## TASK PROMPT
Exclude the images, then return every line below exactly as written.

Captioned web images
[Start of section]

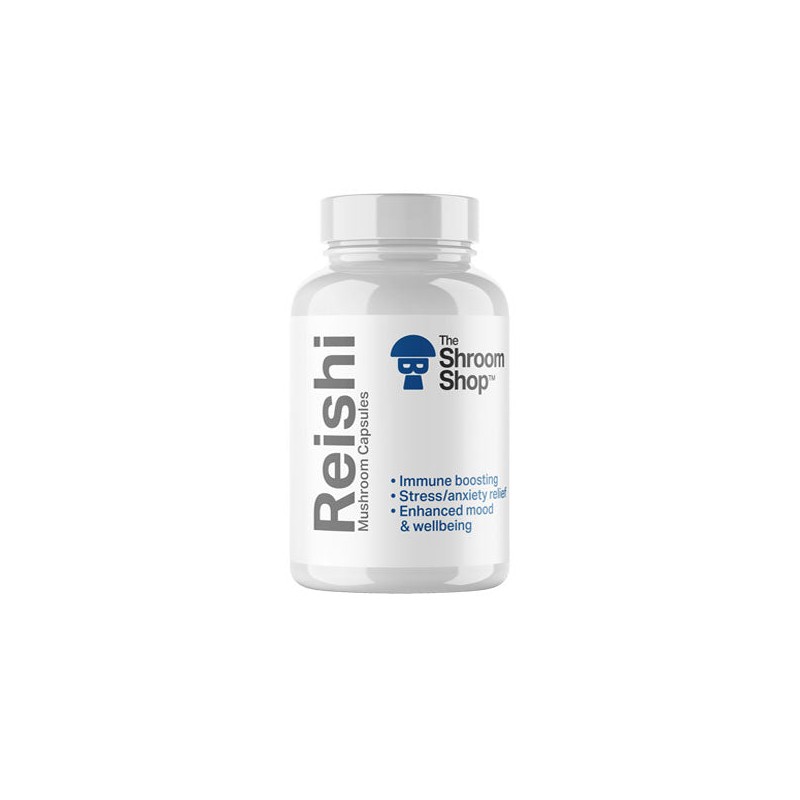 Buy The Shroom Shop Reishi Mushroom 45000mg Capsules - 90 Caps | Express Highs UK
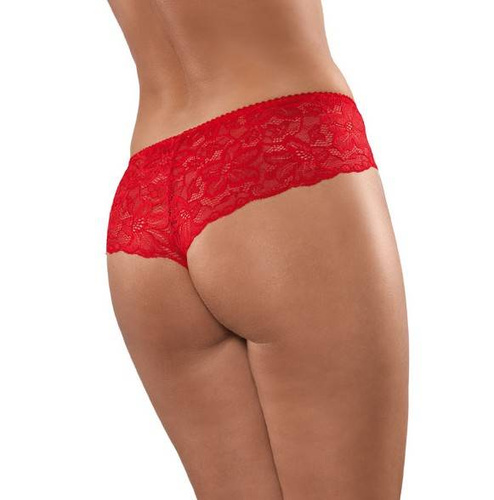 BBL 141 Figi Damskie Babell - czerwony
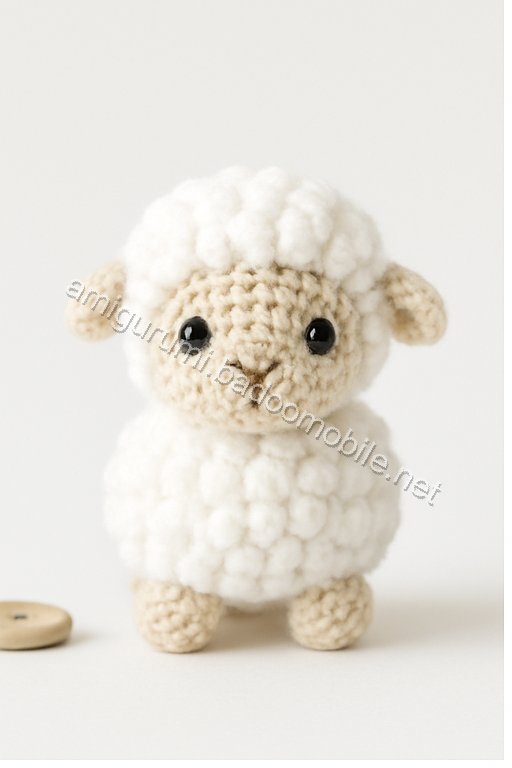 Amigurumi Lamb Free Pattern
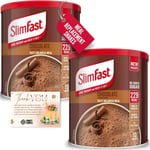 Meal Replacement SlimFast Shake Powder Chocolate 10 Servings 365g Pack... 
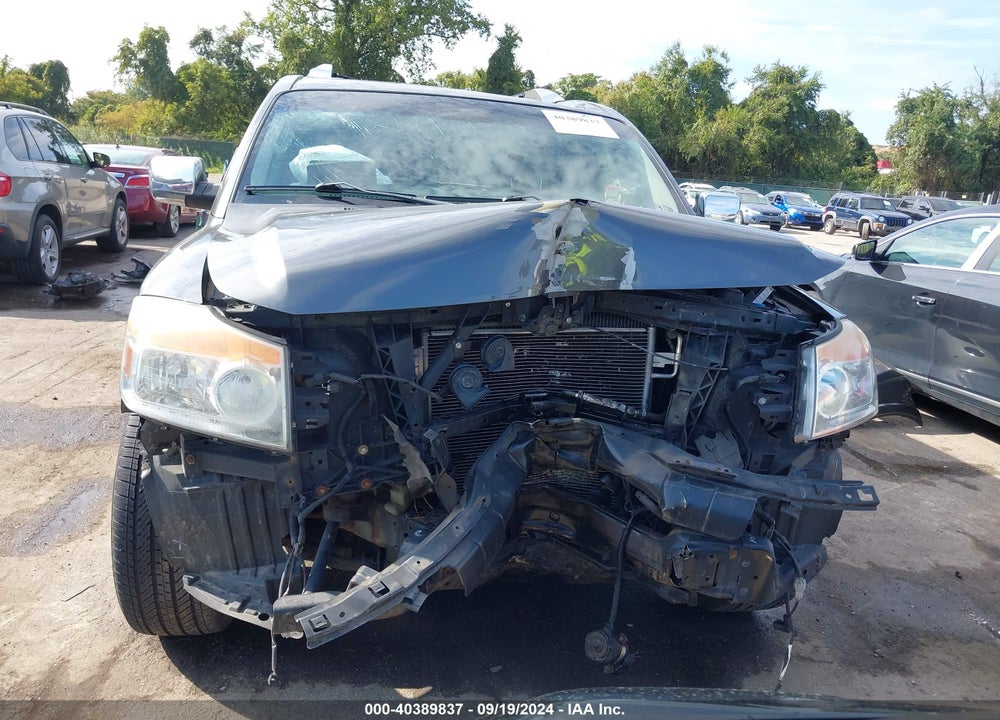 2011 NISSAN ARMADA PLATINUM VIN: 5N1AA0ND0BN618658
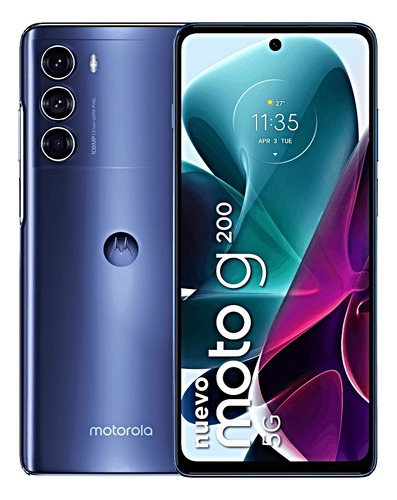 Motorola Reacondicionado G200 Morado 128gb  (Reacondicionado)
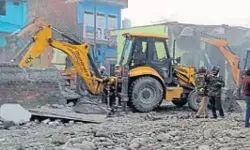 CM के सख्त तेवर- जहां पर बना था अवैध मदरसा अब वहां बनेगा थाना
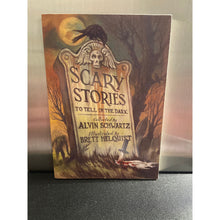 Load image into Gallery viewer, Scary Stories To Tell In The Dark Paperback By Schwartz, Alvin

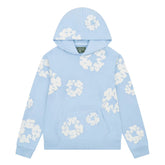 Denim Tears The Cotton Wreath Hoodie Powder Blue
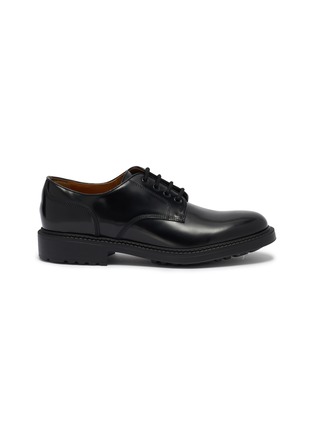 Main View - Click To Enlarge - DOUCAL'S - Leather Derby Shoes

[End of section]

## REPLY TO THE EXERCISE
 Buy The Shroom Shop Reishi Mushroom 45000mg Capsules - 90 Caps | Express Highs UK
 BBL 141 Figi Damskie Babell - czerwony
 Amigurumi Lamb Free Pattern
 Meal Replacement SlimFast Shake Powder Chocolate 10 Servings 365g Pack... 
 2011 NISSAN ARMADA PLATINUM VIN: 5N1AA0ND0BN618658
 Motorola Reacondicionado G200 Morado 128gb  (Reacondicionado)
 CM के सख्त तेवर- जहां पर बना था अवैध मदरसा अब वहां बनेगा थाना
 Load image into Gallery viewer, Scary Stories To Tell In The Dark Paperback By Schwartz, Alvin

 Denim Tears The Cotton Wreath Hoodie Powder Blue
 Main View - Click To Enlarge - DOUCAL'S - Leather Derby Shoes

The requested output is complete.